* WORK TO COMPLETE *
Please transcribe the records precisely; pictures stay out of your copy.

* Stored entries *
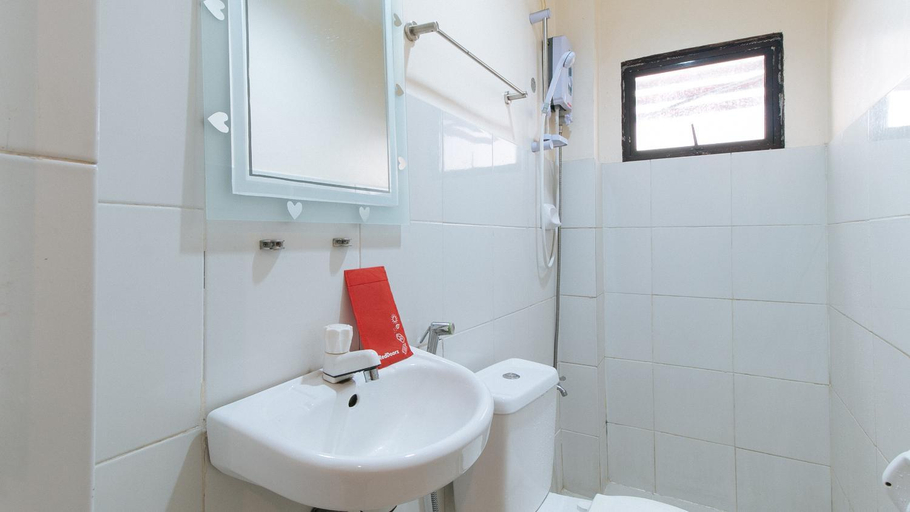 Bathroom 5
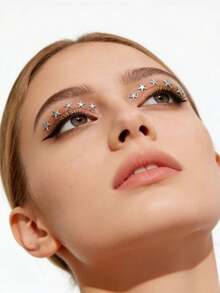 1pc Silver Star Face Sticker | Rhinestone Glitter Eye Makeup Decor, 3D Pentagram Sticker, Create Y2K Sweet Makeup, Music Festival Photo Atmosphere, Y2K, Kpop, Face Glitter, Carnival, Face Sticker, 3D Sticker, Face Jewel, Decorative Sticker - Multicolor - View 3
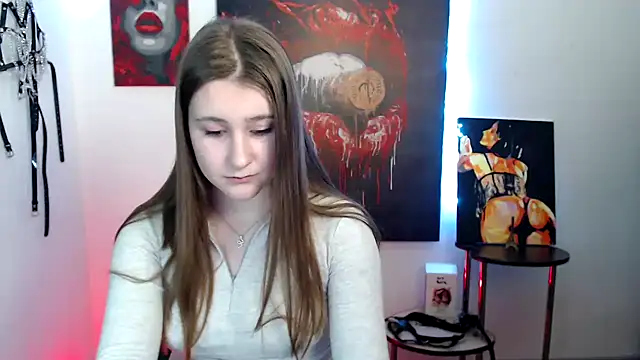 Snapshot of Milka_kamila chatting on 4, 3, 2026 Milka kamila online show from 4, 3, 2026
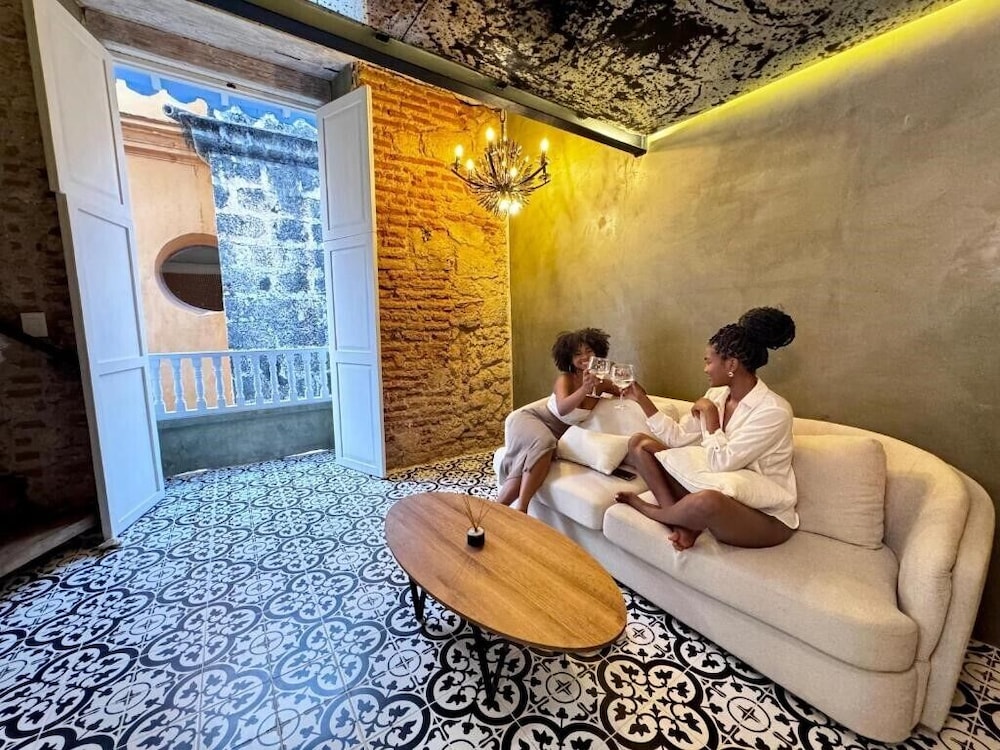 Deluxe Double Room, Balcony, City View photo 1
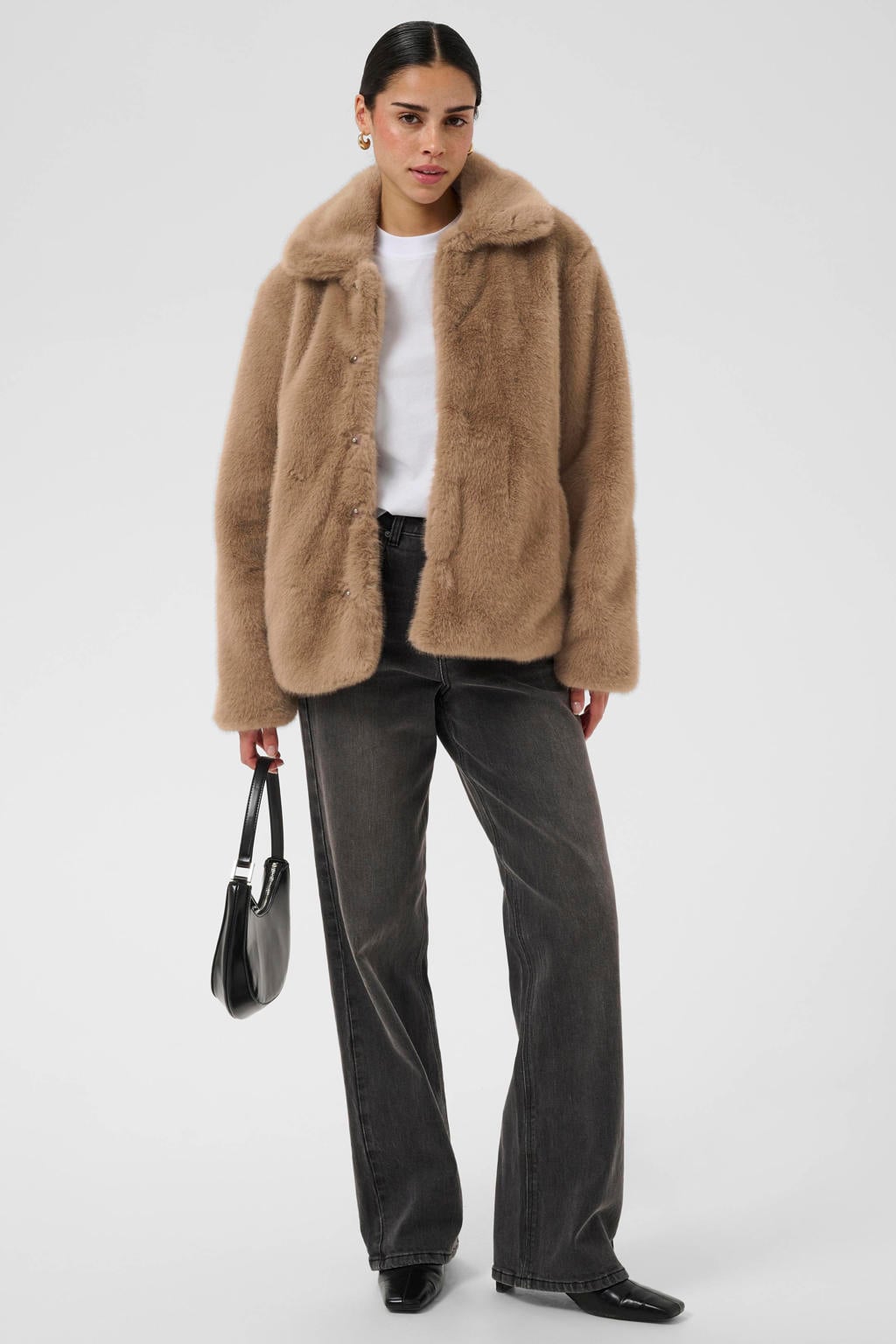 Lichtbruine dames Kaffe imitatiebont faux fur jas met backprint, lange mouwen, reverskraag en knoopsluiting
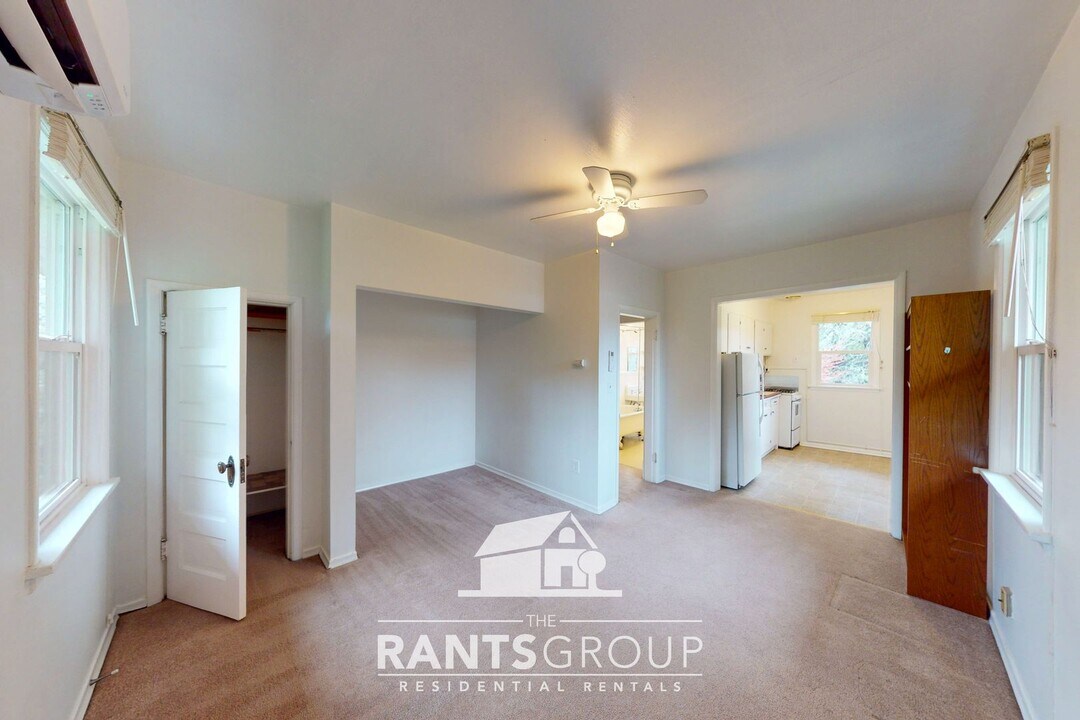 536 14th Ave SE in Olympia, WA - Building Photo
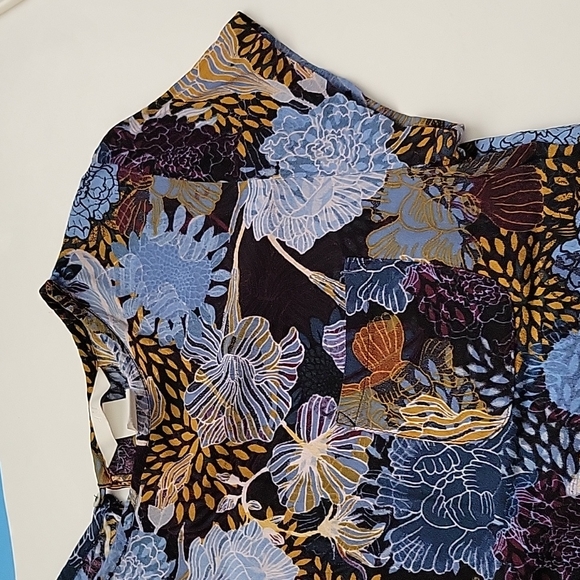 H&M Floral Print Top - Picture 3 of 5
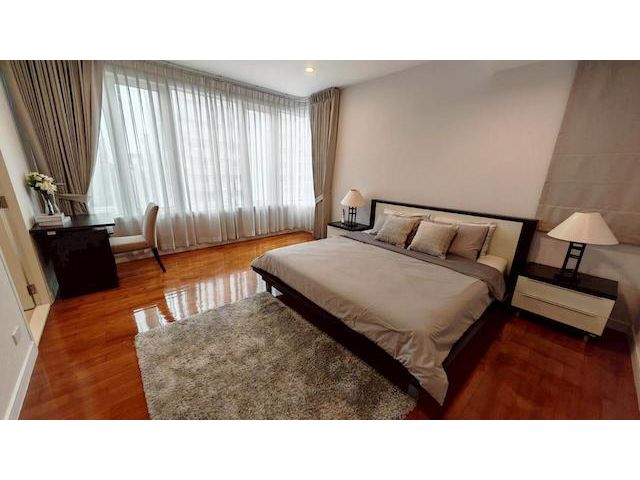 Baan Siri 24 spacious clean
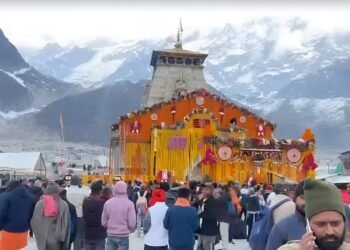 Kedarnath Yatra 2026: ‘मत आना केदारनाथ…’, रोते हुए भक्त ने बनाई वीडियो, बेबस दिखा बच्चा और आंसुओं से भरी बीवी भी, श्रद्धालुओं को कौन मार रहा?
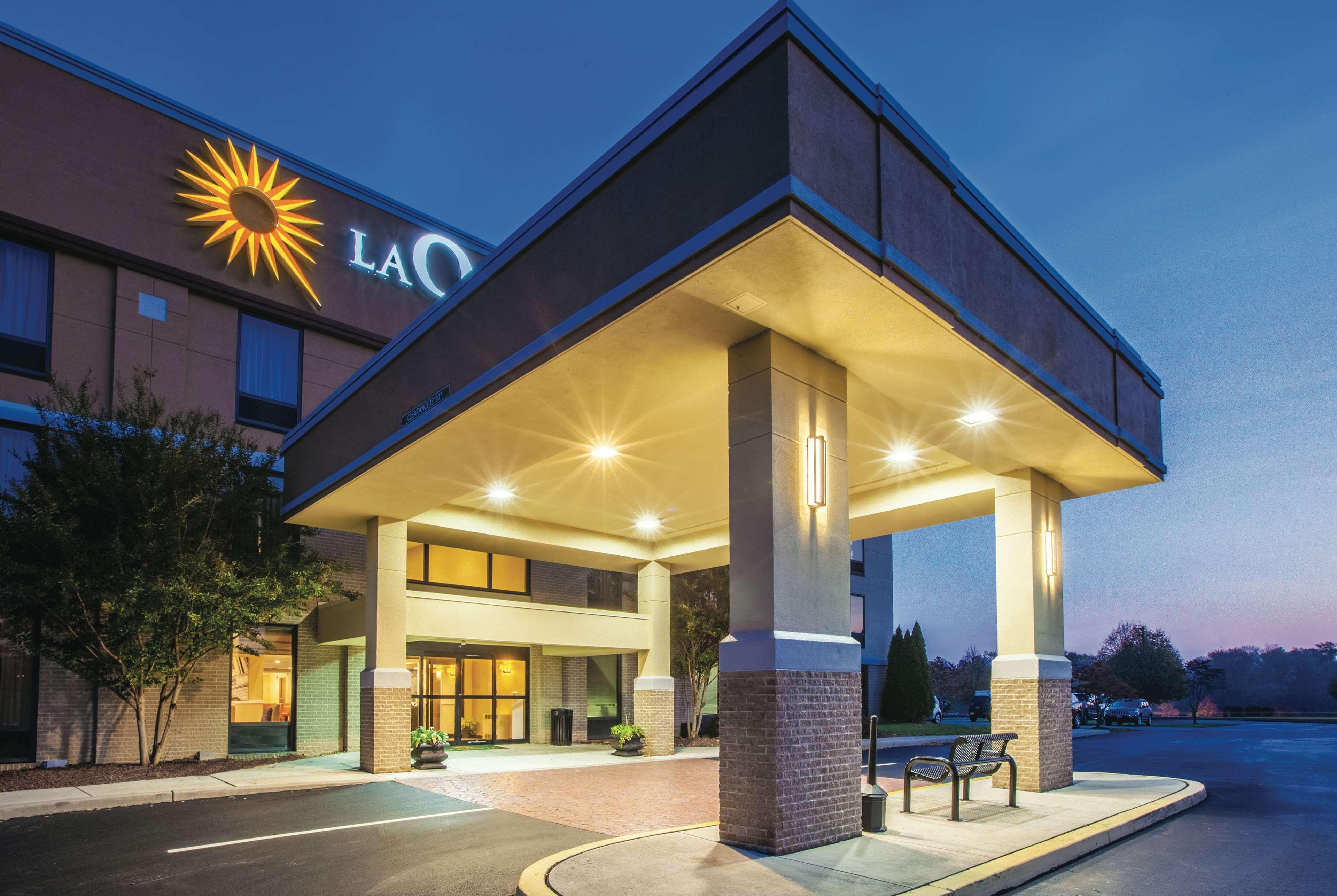 La Quinta By Wyndham Mechanicsburg - Harrisburg Hotel Exterior photo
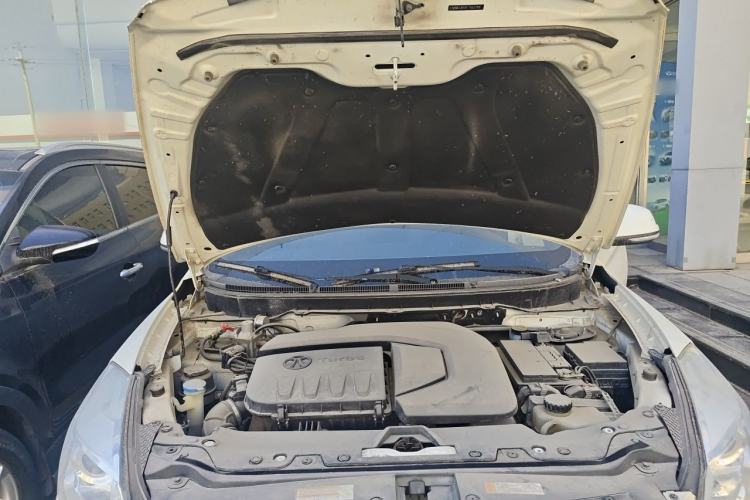 Used BAIC Senova X65 2015 2.0T Manual Luxury Edition Engine Bay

* SOLUTION FOR THIS EXERCISE *
 Bathroom 5
 1pc Silver Star Face Sticker | Rhinestone Glitter Eye Makeup Decor, 3D Pentagram Sticker, Create Y2K Sweet Makeup, Music Festival Photo Atmosphere, Y2K, Kpop, Face Glitter, Carnival, Face Sticker, 3D Sticker, Face Jewel, Decorative Sticker - Multicolor - View 3
 Snapshot of Milka_kamila chatting on 4, 3, 2026 Milka kamila online show from 4, 3, 2026
 Deluxe Double Room, Balcony, City View photo 1
 Lichtbruine dames Kaffe imitatiebont faux fur jas met backprint, lange mouwen, reverskraag en knoopsluiting
 536 14th Ave SE in Olympia, WA - Building Photo
 H&M Floral Print Top - Picture 3 of 5
 Baan Siri 24 spacious clean
 Kedarnath Yatra 2026: ‘मत आना केदारनाथ…’, रोते हुए भक्त ने बनाई वीडियो, बेबस दिखा बच्चा और आंसुओं से भरी बीवी भी, श्रद्धालुओं को कौन मार रहा?
 La Quinta By Wyndham Mechanicsburg - Harrisburg Hotel Exterior photo
 Used BAIC Senova X65 2015 2.0T Manual Luxury Edition Engine Bay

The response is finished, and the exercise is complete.